The upper arm bands 22 have an interior side 38 and an exterior side 40. The lower arm bands 24 similarly have an interior side 42 and an exterior side 44. The interior sides 38, 42 can be made of a padded material while the exterior sides 40, 44 can be made of a stretchable fabric. The materials used to make the interior side 38 and the exterior side 40 of upper arm bands 22 can be joined together. The interior side 42 and the exterior side 44 of lower arm bands 24 can be joined together in a similar manner. The arm bands 22, 24 can be adjustably secured around the upper arms 28 and lower arms 30, respectively, by any suitable structure. In one embodiment, the arm bands 22, 24 are elongate members that wrap around the upper arms 28 and lower arms 30, respectively, and are releasably secured in the wrapped position by a hook and loop fastener. Alternatively, the arm bands 22, 24 could be secured using buckles, ties, or other suitable structure.

In the embodiment shown in FIG. 1, the lower arm bands 24 include connectors 46 for connecting to the waistband 16. The connectors 46 can also be located on the upper arm bands 22 or on the connecting webs 32. The location of the connectors 46 along the connecting webs 32 controls the distribution of the resilient force of arm tethers 26 between the upper arm bands 22 and the lower arm bands 24. The arm tethers 26 can be made of any elongated elastomeric and stretchable material long enough to allow for a sufficient range of motion while providing desired amounts of resistance to the arm muscles. In alternative embodiments, other structures, such as additional tethers, can be used to provide different force distribution across the upper body.

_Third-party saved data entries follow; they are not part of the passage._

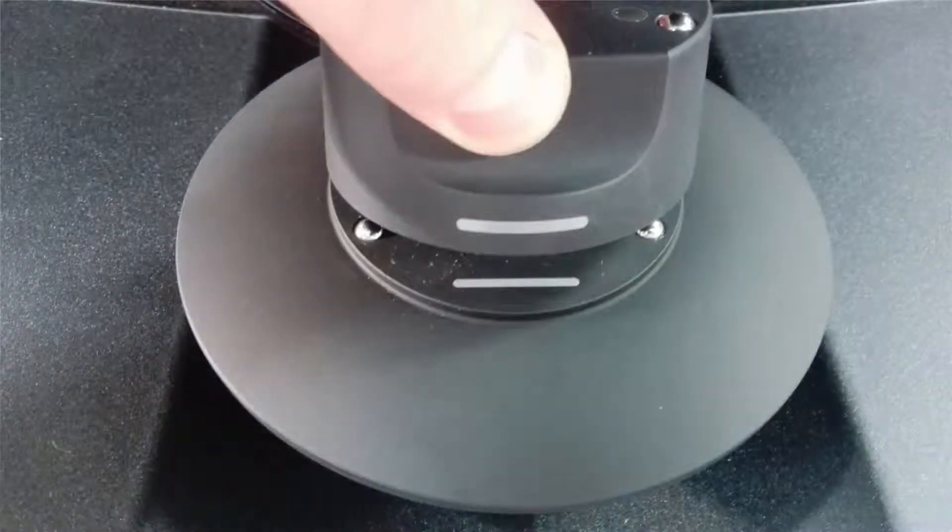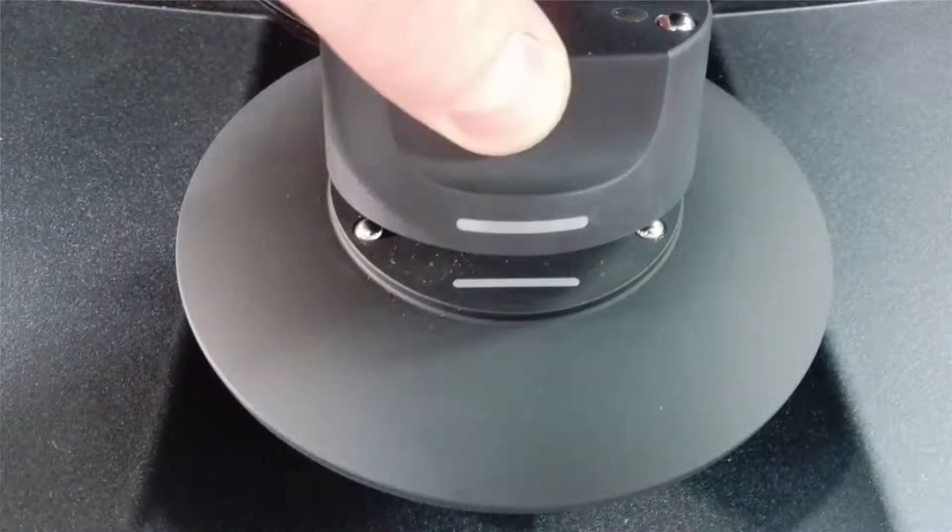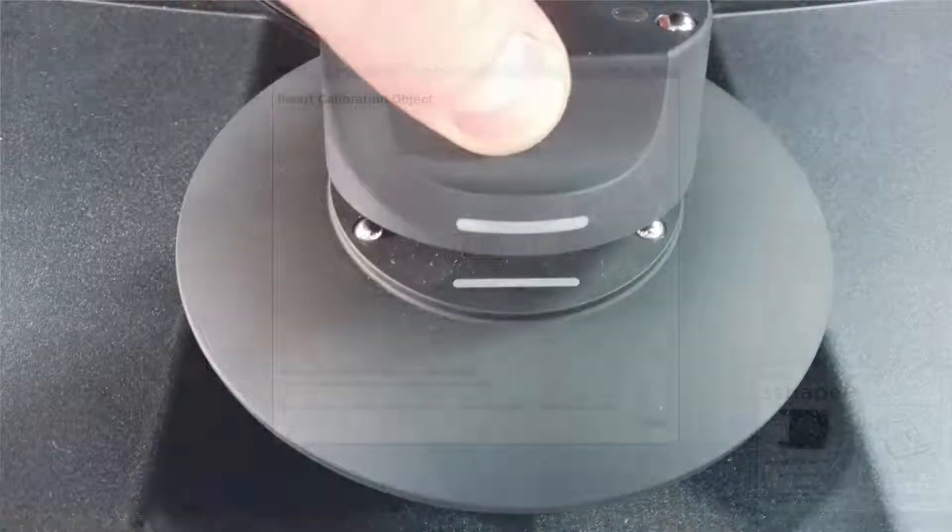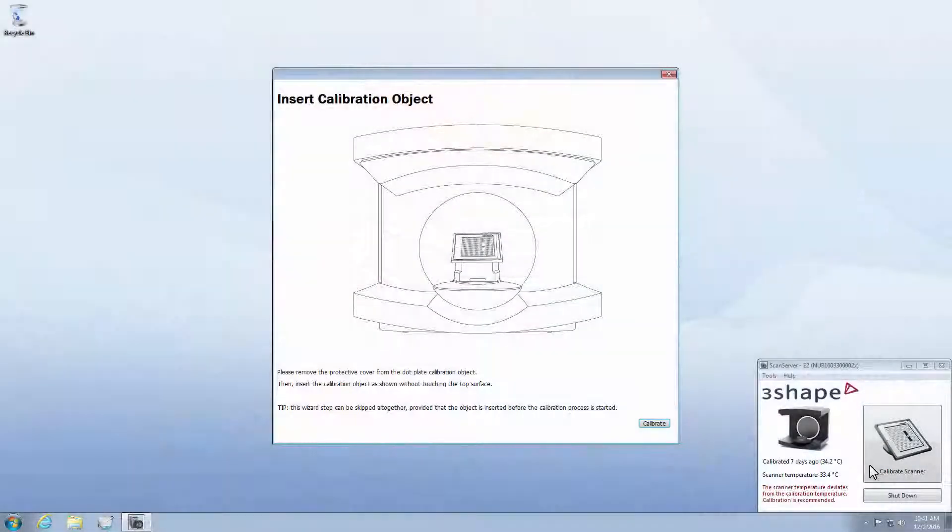Be aware that the ScanHeight adapter must always be rotated so that the two white lines match up. It is particularly important during the calibration process.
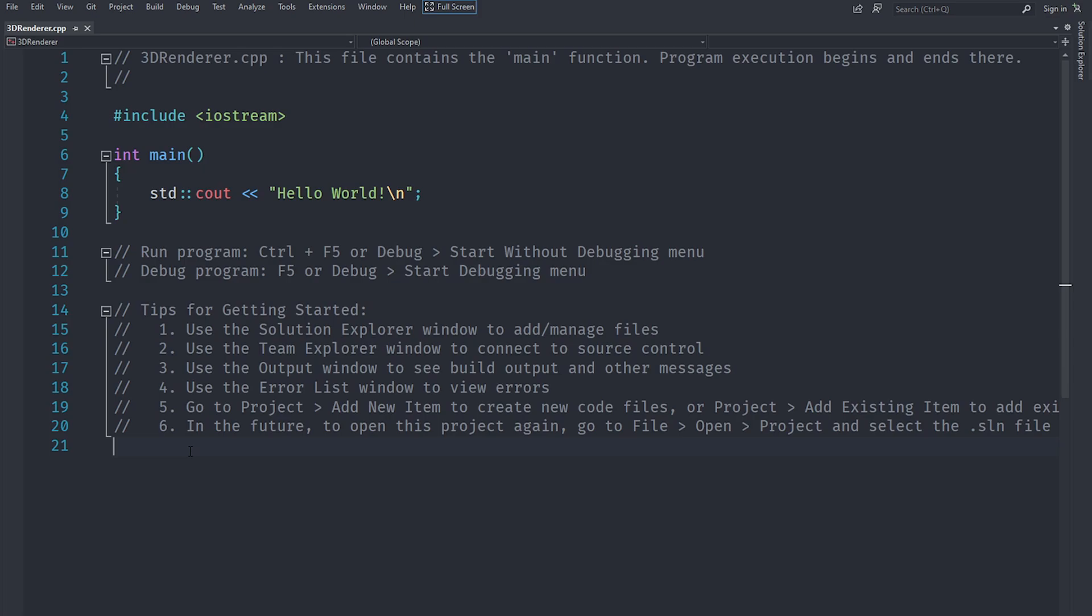Welcome back everyone to the Hello World Guy. This is the first episode of our new series in which we are going to create a 3D renderer from scratch using raw OpenGL. If you don't know what OpenGL is, it is basically a graphics API that is very low level for handling graphics cards.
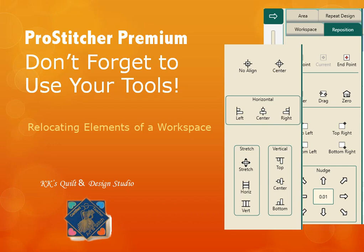I've seen quite a few things I'd like to address, and the first one today, we're going to talk about ProStitcher Premium and relocating the elements of a workspace.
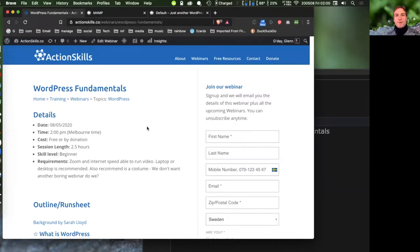Welcome to today's webinar on WordPress fundamentals. We also have a run sheet which you can follow along with during the webinar, and you can also use it afterwards to check links and references. If you're watching the video later, you can fast forward to specific parts you'd like to revisit.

The waistband 16 has an interior side 48 and an exterior side 50. The interior side 48 can be made of any padded material and the exterior side 50 can be made of any stretchable fabric. The interior side 48 can be joined to the exterior side 50. The waistband 16 can be secured by any suitable structure and is adjustable. In one embodiment, the waistband 16 is an elongate member that wraps around the trainee's waist 52 and is releasably secured in the wrapped position by a hook and loop fastener. Alternatively, the waistband 16 could be secured using buckles, ties, or other structure. The waistband 16 includes connectors 54 located for connection to the arm tethers 26. Although a waistband 16 is shown in FIG. 1, other structures that are secured to other mid-body portions of the trainee could also be used.

Each arm member 20 is connected to the waistband 16 by the arm tethers 26. The arm tethers 26 have a waist end 56 and an arm end 58. A waist connector 60 is located at the waist end 56 and is adapted for connection to the connector 54. An arm connector 62 is located at the arm end 58 and is adapted for connection to the connector 46.

The leg portion 18 includes leg member 63. Each leg member 63 includes a thigh band 64 connected to the waistband 16 by a leg connecting web 66. The thigh bands 64 have interior sides 68, which can be made of a padded material, and can be joined to the exterior sides 70, which can be made of a stretchable material. In one embodiment, the thigh bands 64 comprise an elongate member and are adjustably and releasably secured using hook and loop closures. Alternatively, the thigh bands 64 could be secured using buckles, ties, or other structure. The leg connecting webs 66 are long enough to allow for a sufficient range of leg motion. Each leg connecting web 66 includes a waist end 72 and a thigh end 74. In the embodiment shown in FIG. 1, the waist ends 72 are attached to the waist band 16 by tack stitching 76 and the thigh ends 74 are attached to the thigh bands 64 by tack stitching 78. The leg portion 18 also includes connectors 80, adapted for connection to resilient and extensible leg tethers 82.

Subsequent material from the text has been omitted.